Since its inception in 1986, the Vadehra Art Gallery (VAG) has promoted contemporary Indian art through exhibitions, retrospectives, publications and educational programmes. Over the last 20 years, the Gallery has become the locus through which both modern and contemporary artists have reached the public. VAG’s position as an artistic interlocutor with the public is especially vital in contemporary India because of the lack of vibrant art museum culture.

 

Starting in the 1990s, VAG paved the way for an active collaboration between private and public art sectors. In the mid-1990s, the gallery organized retrospectives with the government-run National Gallery of Modern Art of senior artists Ram Kumar, Raghu Rai, Devyani Krishna, A Ramachandran and SH Raza. In recent years, works from our collection and exhibitions of Atul Dodiya, Arpita Singh, Ravinder Reddy and A Ramachandran have been loaned to Kunstmuseum, Bern; the Chicago Cultural Centre; the Women’s Studies Research Centre, Brandies University; Jardin d’Acclimatation; Singapore Art Museum; and, Mori Art Museum, Japan, among others.

 

Our international recognition was further solidified by the 2006 collaboration with the Grosvenor (now the Grosvenor Vadehra) Gallery in London on the first ever Pablo Picasso exhibition held in a private gallery in India.

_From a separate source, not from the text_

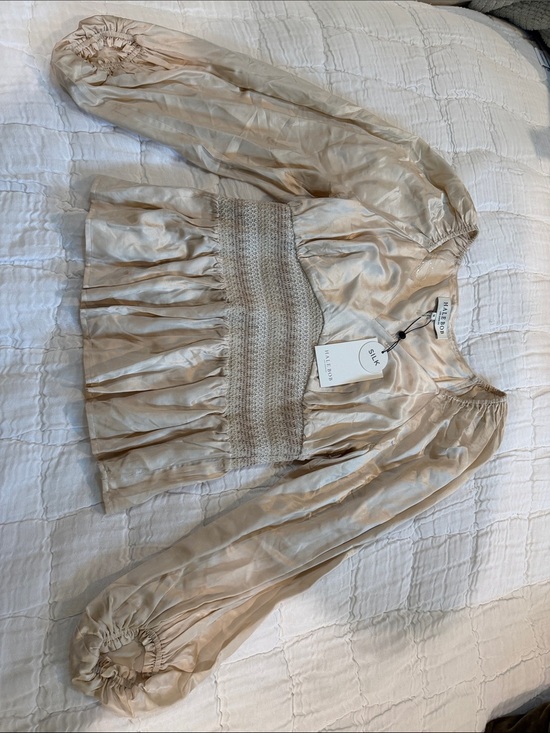 Hale Bob Tops - Hale Bob Champagne Satin Blouse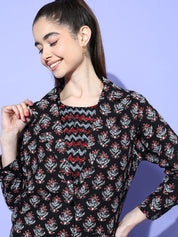 Black Floral Printed Night suit with Shrug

After receiving an unprecedented response from art collectors, the general public and the press, the show solidified the notion that India was a viable destination for the international art world. Our new gallery in London, Grosvenor Vadehra, opened in 2006 with three inaugural exhibitions of Indian art – The Moderns Revisited, Inverting/Inventing Traditions and Here and Now: Young Voices from India. In 2007, we held a highly acclaimed exhibition of Lucian Freud and Francis Bacon along with Tyeb Mehta and FN Souza in Delhi.

 

VAG has also taken on the role of community organizing through The Foundation for Indian Contemporary Art (FICA), which was launched in 2006 to support artists and educational activities in the visual arts, benefiting both emerging and established artists, art historians, curators, art critics, and other professionals devoted to the study of contemporary Indian art. With the initial support of Vadehra Art Gallery, FICA intends to be a self-sustaining, not-for-profit entity with annual programs including public art grants and fellowships for visual artists and writers.

 

In 1996, VAG became the first gallery to systematically publish writing on art. We have published twelve books so far that range from monographs on artists, to books on art making technique, to picture books and finally a comprehensive art directory. Done in close collaboration with the artists, these publications are vital historical documents.

 

August 2008 saw the opening of the Vadehra Art Gallery Book|Store, the first-of-its-kind in India, which combines a reading room/library space by FICA and a bookstore. The FICA Reading Room gives students, collectors and enthusiasts a chance to reference at their leisure a plethora of Indian and international art books, journals, magazines and films. In addition to Indian and foreign books and catalogues on art, the bookstore offers a wide variety of Indian art inspired collectibles and home accessories as well as limited edition artist-signed prints.

 

In July 2009, VAG opened its fifth space at DLF Emporio, an exclusive high-end retail destination in Delhi. Adding to the three galleries in Defence Colony and Okhla in New Delhi, and Ryder Street in London, and the Bookstore & Reading Room in Defence Colony, this fifth space functions both as a contemporary art gallery with an active exhibition schedule as well as an exclusive store selling art books, products and accessories.